Mixed-Media Access

Francine Chen, Marti Hearst, Julian Kupiec, Jan Pedersen, and Lynn Wilcox Xerox Palo Alto Research Center, 3333 Coyote Hill Road, Palo Alto, CA 94304, {fchen,hearst,kupiec,pedersen,wilcox}@parc.xerox.com


Effective information access is crucial for any digital library, since the availability of rich online-document repositories is not useful without a methodology for finding items of interest. In our view an effective information access system enables one to search and present information in a variety of ways, making use both of conventional search and browsing methods, as well as less conventional methods involving automated highlighting, emphasis detection, thematic thread-following, and summarization. Moreover, these multiple access mechanisms should operate seamlessly and robustly over multimedia document types. Our work to date integrates access to information in a wide variety of digital media, including scanned text, scanned images, digitized audio, and digitized video, as well as traditional plain text collections. Below we outline recent work that illustrates our approach to multimedia access.

Mixed-Media Keyword Search

Keyword search and similarity search, currently used to access textual information, can be directly extended to other media types. Plain text is usually input with a keyboard and is usually retrieved via a query posed using the same device. Analogously, digitized spoken text can be queried by spoken keyword input; [WB92] describes work in this vein. Extending the analogy once again, scanned textual images can be searched by selecting a region of the image containing the desired keyword; [KB90] describes how this can be accomplished.

We are also developing retrieval techniques that cross media. In our word-image spotting system, partially specified keywords or phrases which have been entered by a user through a keyboard are detected and located in images, implementing a type of image "grep'' [CWB93]. We also have built a system which enables a user to access documents from a large plain text corpus by speaking the words of a query. The system exploits the fact that word alternatives that are the result of recognition errors are not likely to be semantically correlated, whereas the words intended by the speaker are semantically related and generally occur close together in text [KKB94].

Information Threads

Rather than viewing information as an uninterrupted sequence, we are developing methods to identify information threads in multiple media. For example, audio information may be composed of multiple sources of sounds, as in a conversation between two or more people. We have developed a method for segmenting an audio stream based on speaker identification [WCKB94]. Similarly, in video, scene changes occur which may signal a change in topic or speaker, and we are developing a method for identifying scene changes from a video signal. We are also developing techniques for identifying changes in topic in plain text [hearst94]; these methods may also be applicable to scanned images of text and conversations.

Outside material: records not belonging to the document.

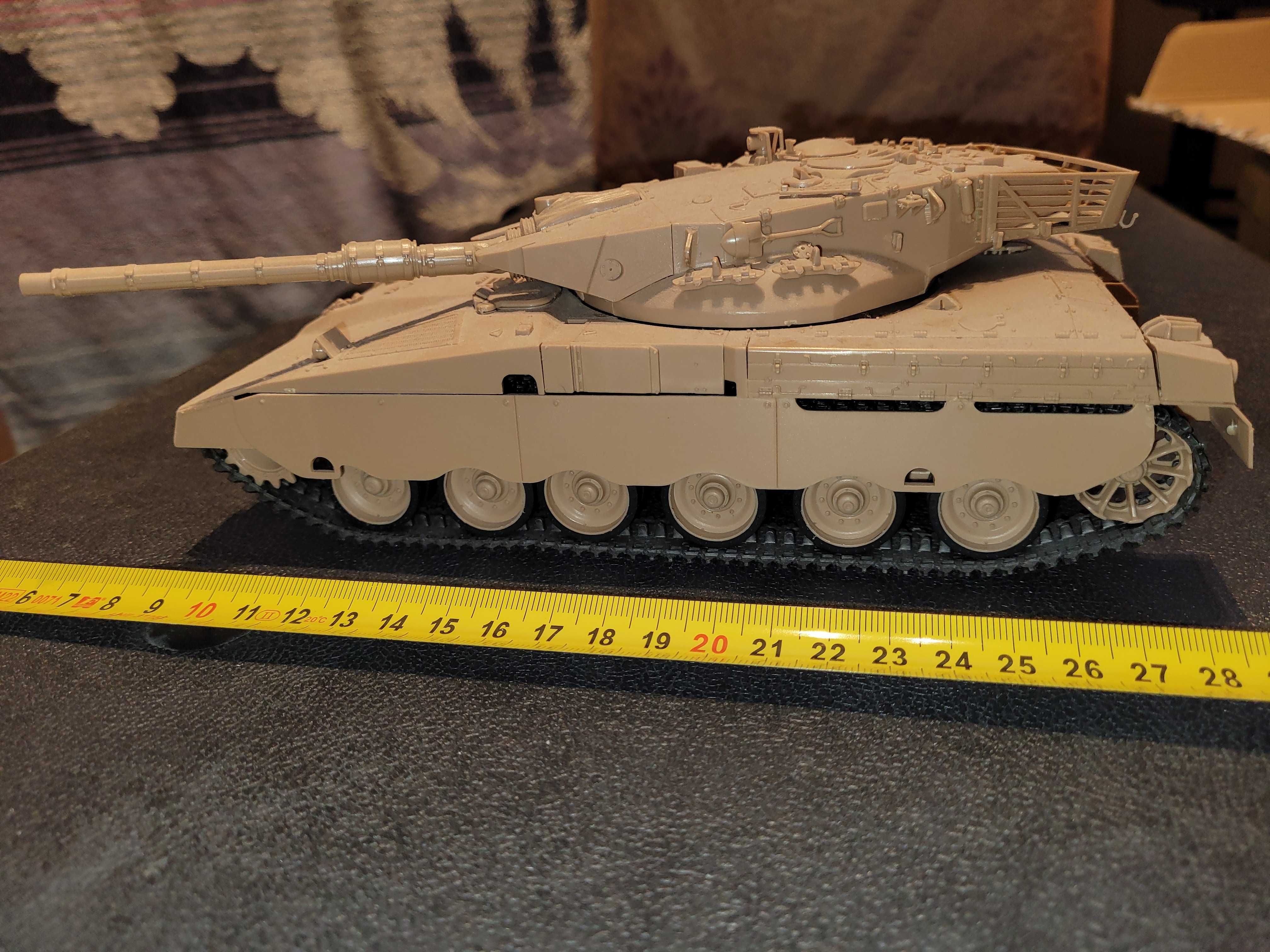 Model izraelskiego czołgu merkava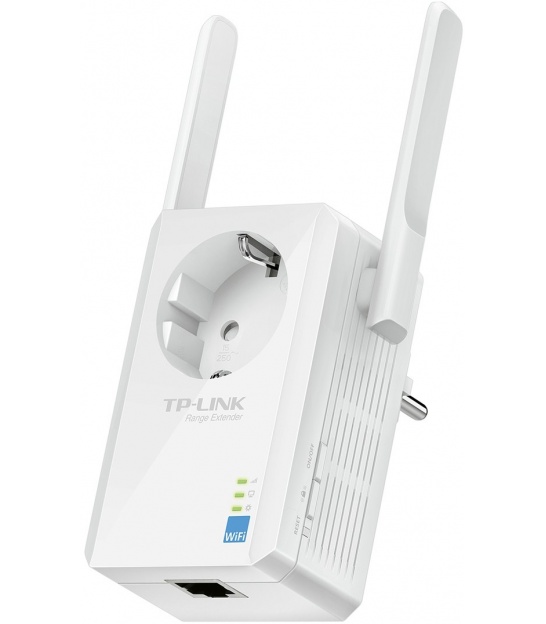 TP-LINK TL-WA860RE Wzmacniacz sygnału bezprzewodowego z gniazdkiem elektrycznym, 300Mb/s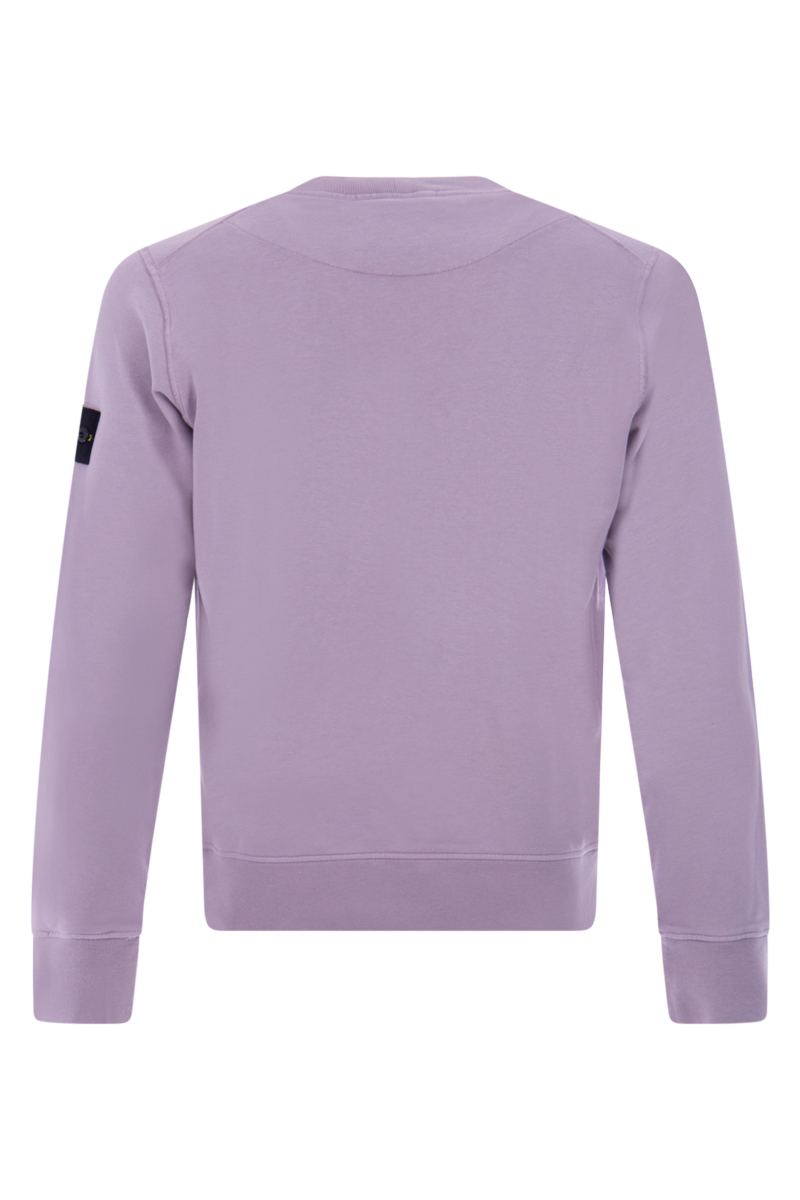 Stone Island Sweater 791563051 Lila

Mixed-media Browsing and Summarization

The user's goals should determine what kind of information is displayed after a search. When scanning for specific information, presentation of a portion of a document may be all that is needed. When trying to get an overview of a sample of documents, summarization of the material may be more appropriate. When a user is trying to determine what is contained in a corpus, tools for browsing may be desired. We are developing these tools in a variety of media.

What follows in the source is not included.